● **Exercise brief**:
Restate all of the data below word for word.

*** Input data Section Begins ***

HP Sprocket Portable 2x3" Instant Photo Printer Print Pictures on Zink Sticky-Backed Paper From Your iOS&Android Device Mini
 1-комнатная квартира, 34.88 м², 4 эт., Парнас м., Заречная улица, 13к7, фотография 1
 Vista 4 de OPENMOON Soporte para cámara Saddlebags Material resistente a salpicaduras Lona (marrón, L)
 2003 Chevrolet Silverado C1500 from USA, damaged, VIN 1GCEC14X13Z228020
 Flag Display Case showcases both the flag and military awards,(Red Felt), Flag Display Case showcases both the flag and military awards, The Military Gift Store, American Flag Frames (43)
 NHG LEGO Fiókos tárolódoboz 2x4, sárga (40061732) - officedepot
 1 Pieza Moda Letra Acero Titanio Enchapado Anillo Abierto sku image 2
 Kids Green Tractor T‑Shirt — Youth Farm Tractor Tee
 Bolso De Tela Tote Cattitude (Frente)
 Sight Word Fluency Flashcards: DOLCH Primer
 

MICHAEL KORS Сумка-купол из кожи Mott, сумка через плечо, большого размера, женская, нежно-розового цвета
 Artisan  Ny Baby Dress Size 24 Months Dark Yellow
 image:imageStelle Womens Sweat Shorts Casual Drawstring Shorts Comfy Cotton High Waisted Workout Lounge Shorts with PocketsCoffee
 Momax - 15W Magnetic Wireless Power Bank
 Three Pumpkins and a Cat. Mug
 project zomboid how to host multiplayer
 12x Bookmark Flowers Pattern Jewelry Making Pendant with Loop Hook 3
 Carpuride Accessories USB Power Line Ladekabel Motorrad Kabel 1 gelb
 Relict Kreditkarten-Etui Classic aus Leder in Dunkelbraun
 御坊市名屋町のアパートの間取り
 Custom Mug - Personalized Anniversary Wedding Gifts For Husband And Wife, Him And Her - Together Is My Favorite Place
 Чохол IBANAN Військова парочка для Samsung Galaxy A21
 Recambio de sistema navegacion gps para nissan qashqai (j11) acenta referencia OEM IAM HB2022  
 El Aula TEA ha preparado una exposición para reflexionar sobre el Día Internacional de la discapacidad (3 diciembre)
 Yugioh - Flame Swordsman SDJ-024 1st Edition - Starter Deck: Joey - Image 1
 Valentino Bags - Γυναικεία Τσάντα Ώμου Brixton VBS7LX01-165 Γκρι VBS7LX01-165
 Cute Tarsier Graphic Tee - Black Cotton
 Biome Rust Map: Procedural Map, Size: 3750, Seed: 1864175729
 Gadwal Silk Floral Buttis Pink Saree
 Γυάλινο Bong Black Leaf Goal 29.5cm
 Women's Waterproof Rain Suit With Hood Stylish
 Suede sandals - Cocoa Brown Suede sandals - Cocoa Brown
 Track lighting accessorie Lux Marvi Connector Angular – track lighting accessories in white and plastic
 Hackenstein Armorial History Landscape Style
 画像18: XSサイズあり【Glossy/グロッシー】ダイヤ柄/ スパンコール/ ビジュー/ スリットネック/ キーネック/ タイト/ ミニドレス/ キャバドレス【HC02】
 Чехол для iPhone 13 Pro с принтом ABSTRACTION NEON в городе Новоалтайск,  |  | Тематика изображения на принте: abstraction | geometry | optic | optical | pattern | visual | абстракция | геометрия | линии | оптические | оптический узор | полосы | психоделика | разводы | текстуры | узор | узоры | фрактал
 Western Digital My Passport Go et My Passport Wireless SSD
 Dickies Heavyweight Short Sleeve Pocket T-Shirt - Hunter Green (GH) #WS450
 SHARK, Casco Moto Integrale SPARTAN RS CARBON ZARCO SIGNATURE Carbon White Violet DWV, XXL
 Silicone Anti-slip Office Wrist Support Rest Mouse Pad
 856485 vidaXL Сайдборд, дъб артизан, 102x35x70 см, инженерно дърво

*** Input data Section Ends ***

● **Solution to this problem**:
HP Sprocket Portable 2x3" Instant Photo Printer Print Pictures on Zink Sticky-Backed Paper From Your iOS&Android Device Mini
 1-комнатная квартира, 34.88 м², 4 эт., Парнас м., Заречная улица, 13к7, фотография 1
 Vista 4 de OPENMOON Soporte para cámara Saddlebags Material resistente a salpicaduras Lona (marrón, L)
 2003 Chevrolet Silverado C1500 from USA, damaged, VIN 1GCEC14X13Z228020
 Flag Display Case showcases both the flag and military awards,(Red Felt), Flag Display Case showcases both the flag and military awards, The Military Gift Store, American Flag Frames (43)
 NHG LEGO Fiókos tárolódoboz 2x4, sárga (40061732) - officedepot
 1 Pieza Moda Letra Acero Titanio Enchapado Anillo Abierto sku image 2
 Kids Green Tractor T‑Shirt — Youth Farm Tractor Tee
 Bolso De Tela Tote Cattitude (Frente)
 Sight Word Fluency Flashcards: DOLCH Primer
 

MICHAEL KORS Сумка-купол из кожи Mott, сумка через плечо, большого размера, женская, нежно-розового цвета
 Artisan  Ny Baby Dress Size 24 Months Dark Yellow
 image:imageStelle Womens Sweat Shorts Casual Drawstring Shorts Comfy Cotton High Waisted Workout Lounge Shorts with PocketsCoffee
 Momax - 15W Magnetic Wireless Power Bank
 Three Pumpkins and a Cat. Mug
 project zomboid how to host multiplayer
 12x Bookmark Flowers Pattern Jewelry Making Pendant with Loop Hook 3
 Carpuride Accessories USB Power Line Ladekabel Motorrad Kabel 1 gelb
 Relict Kreditkarten-Etui Classic aus Leder in Dunkelbraun
 御坊市名屋町のアパートの間取り
 Custom Mug - Personalized Anniversary Wedding Gifts For Husband And Wife, Him And Her - Together Is My Favorite Place
 Чохол IBANAN Військова парочка для Samsung Galaxy A21
 Recambio de sistema navegacion gps para nissan qashqai (j11) acenta referencia OEM IAM HB2022  
 El Aula TEA ha preparado una exposición para reflexionar sobre el Día Internacional de la discapacidad (3 diciembre)
 Yugioh - Flame Swordsman SDJ-024 1st Edition - Starter Deck: Joey - Image 1
 Valentino Bags - Γυναικεία Τσάντα Ώμου Brixton VBS7LX01-165 Γκρι VBS7LX01-165
 Cute Tarsier Graphic Tee - Black Cotton
 Biome Rust Map: Procedural Map, Size: 3750, Seed: 1864175729
 Gadwal Silk Floral Buttis Pink Saree
 Γυάλινο Bong Black Leaf Goal 29.5cm
 Women's Waterproof Rain Suit With Hood Stylish
 Suede sandals - Cocoa Brown Suede sandals - Cocoa Brown
 Track lighting accessorie Lux Marvi Connector Angular – track lighting accessories in white and plastic
 Hackenstein Armorial History Landscape Style
 画像18: XSサイズあり【Glossy/グロッシー】ダイヤ柄/ スパンコール/ ビジュー/ スリットネック/ キーネック/ タイト/ ミニドレス/ キャバドレス【HC02】
 Чехол для iPhone 13 Pro с принтом ABSTRACTION NEON в городе Новоалтайск,  |  | Тематика изображения на принте: abstraction | geometry | optic | optical | pattern | visual | абстракция | геометрия | линии | оптические | оптический узор | полосы | психоделика | разводы | текстуры | узор | узоры | фрактал
 Western Digital My Passport Go et My Passport Wireless SSD
 Dickies Heavyweight Short Sleeve Pocket T-Shirt - Hunter Green (GH) #WS450
 SHARK, Casco Moto Integrale SPARTAN RS CARBON ZARCO SIGNATURE Carbon White Violet DWV, XXL
 Silicone Anti-slip Office Wrist Support Rest Mouse Pad
 856485 vidaXL Сайдборд, дъб артизан, 102x35x70 см, инженерно дърво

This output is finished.